[Work request]: Only the lines from the one containing "Shosenkyo Gorge, Visit" through the last line below belong in your copy; transcribe them exactly and omit any pictures.

[Scraped caption text data]
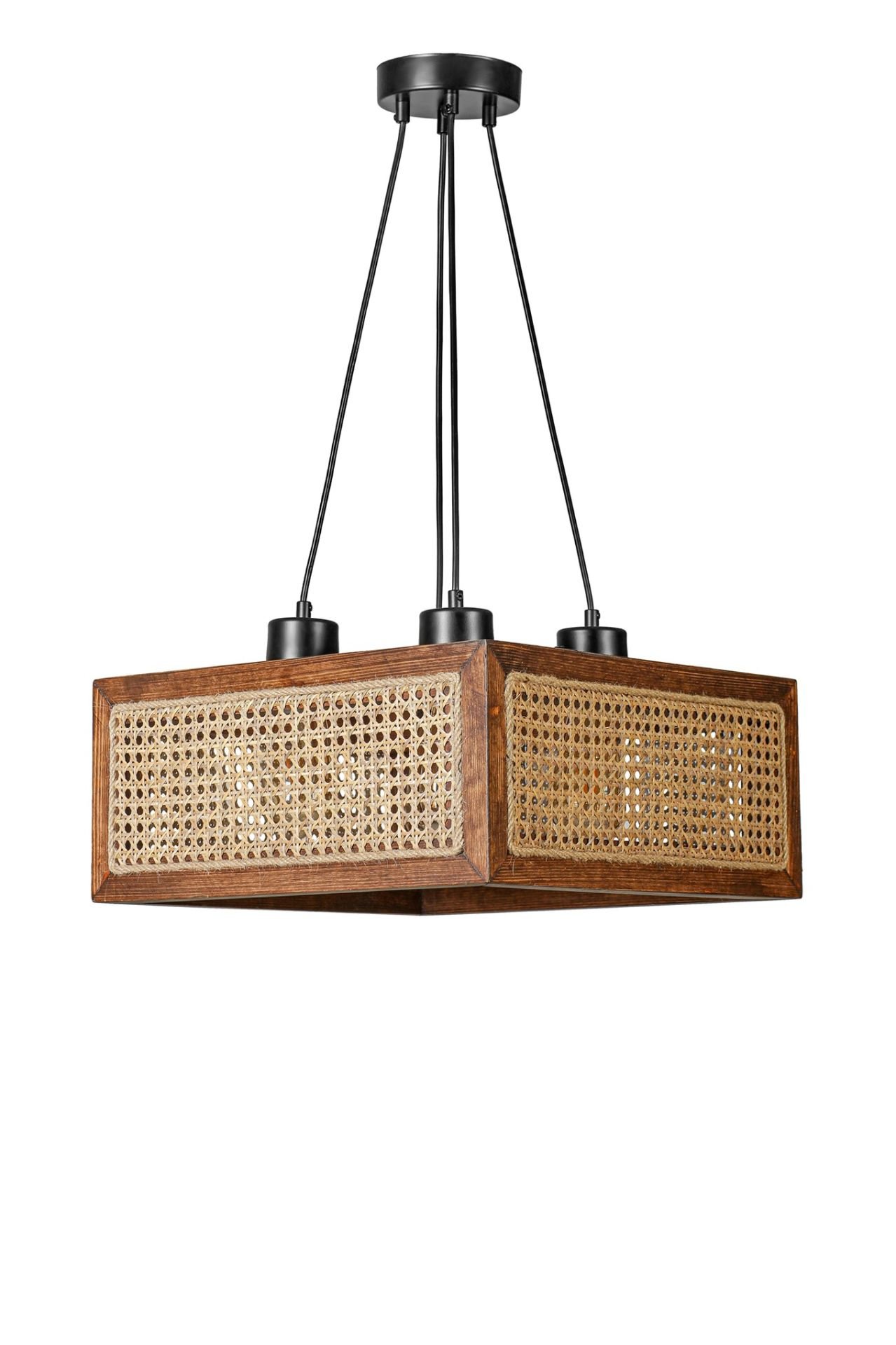 KUMSAL 4 LÜ KARE CEVİZ RATTAN AVİZE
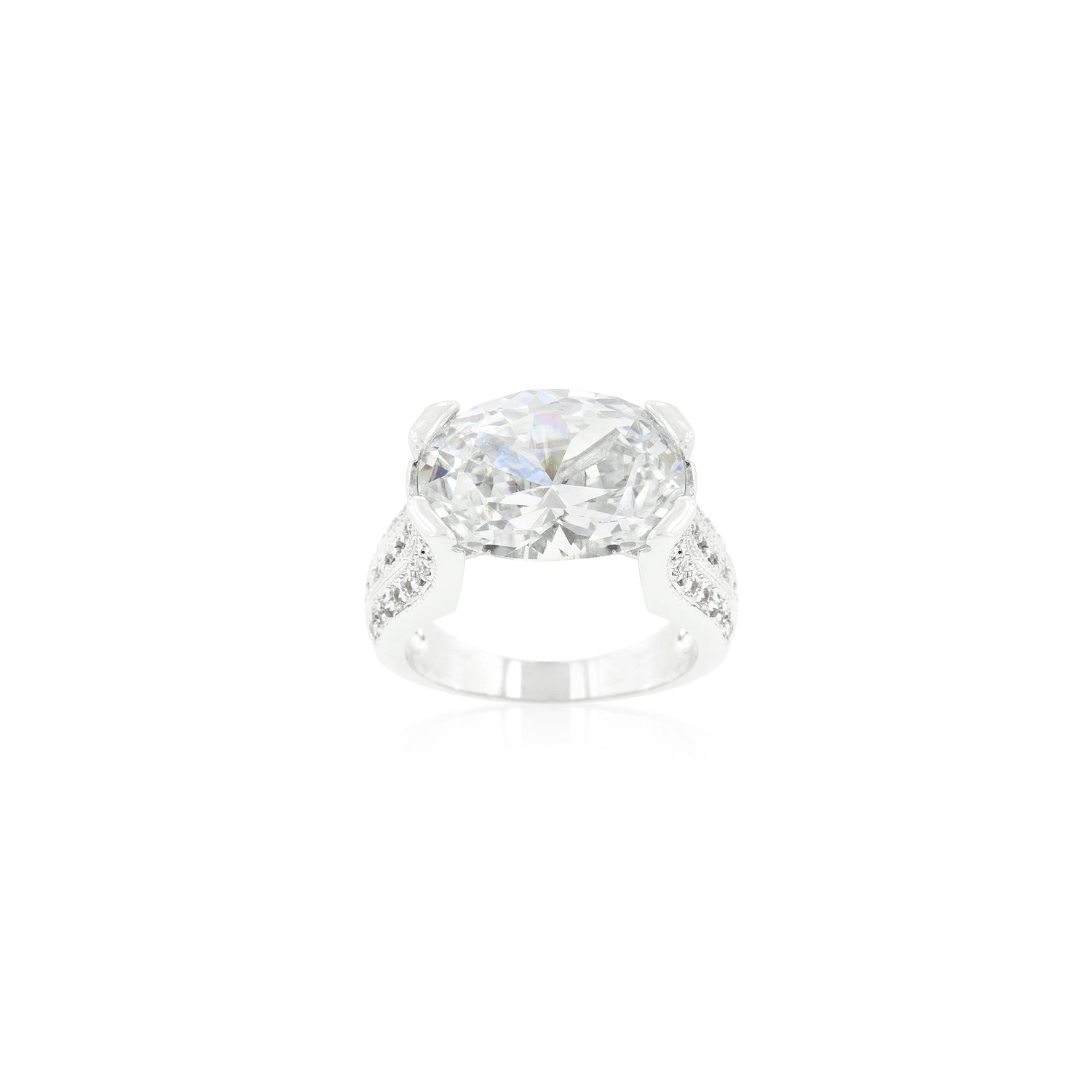 Oval Triplet Cubic Zirconia Ring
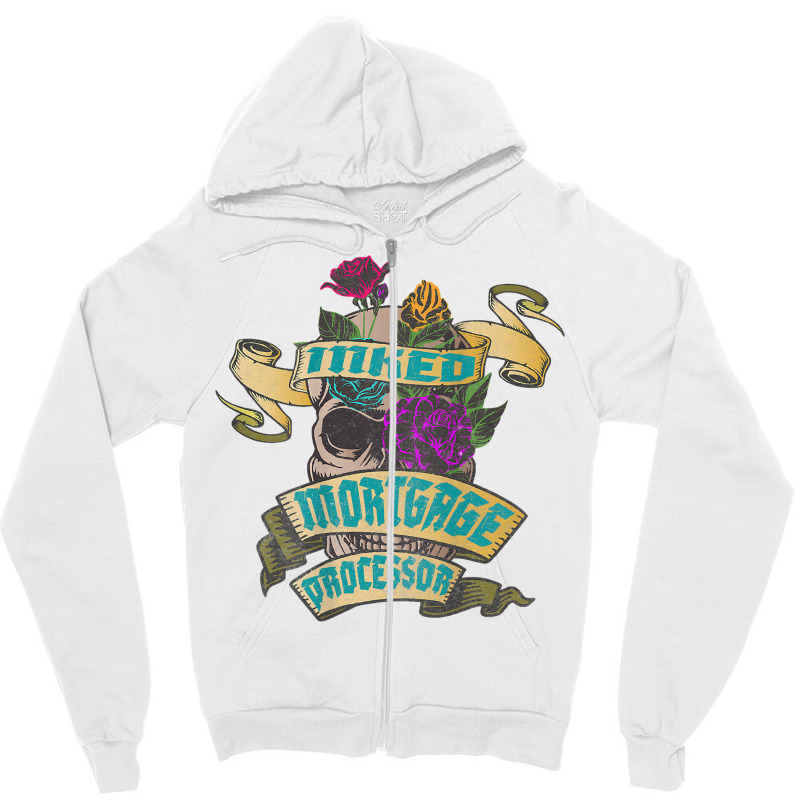 Mortgage Processor Inked Skull Tattoo Backside Design T Shirt Zipper Hoodie | Artistshot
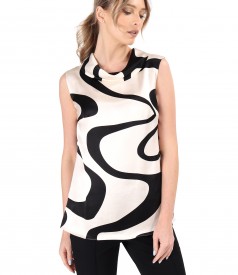 Viscose satin blouse printed with geometric motifs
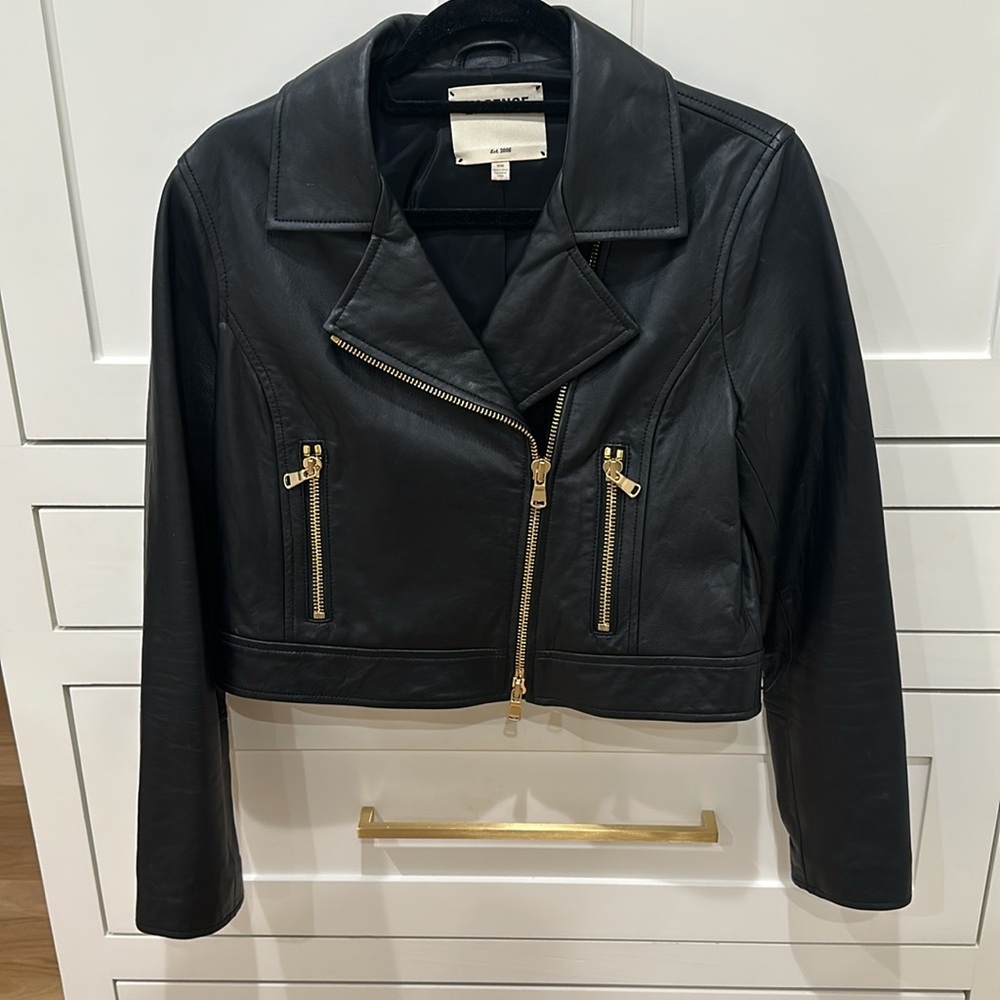 L'Agence Onna Cropped Biker Jacket Size Medium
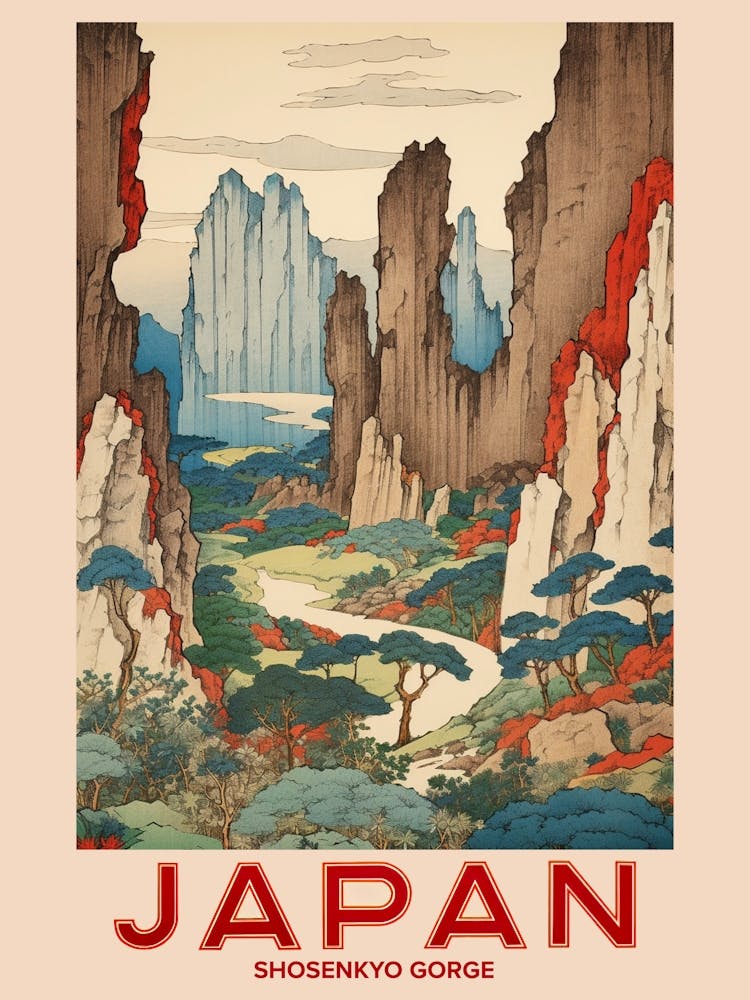 Shosenkyo Gorge, Visit Japan Vintage Travel Art 2
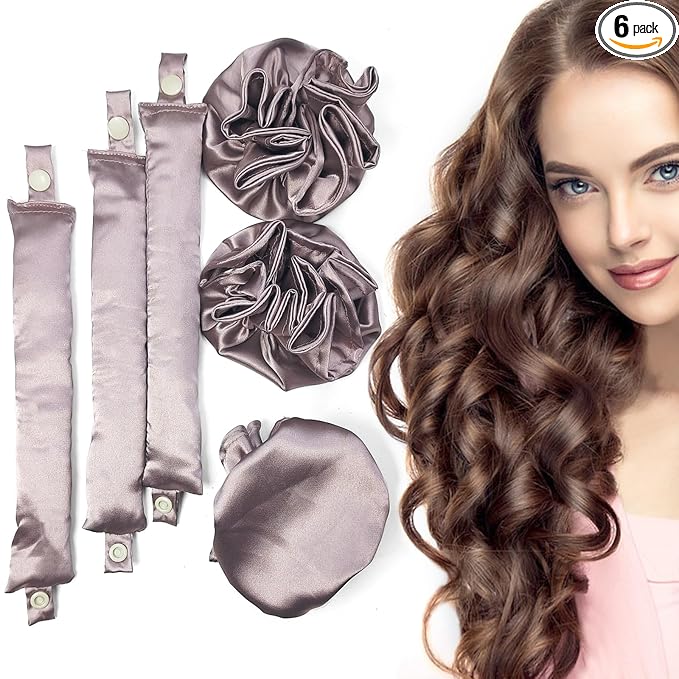 Satin Heatless Hair Curler 3Sets/6PCS, Soft Heatless Curling Rod Headband for All Hair Types (D-3Sets-Light Purple)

[The answer]:
 Shosenkyo Gorge, Visit Japan Vintage Travel Art 2
 Satin Heatless Hair Curler 3Sets/6PCS, Soft Heatless Curling Rod Headband for All Hair Types (D-3Sets-Light Purple)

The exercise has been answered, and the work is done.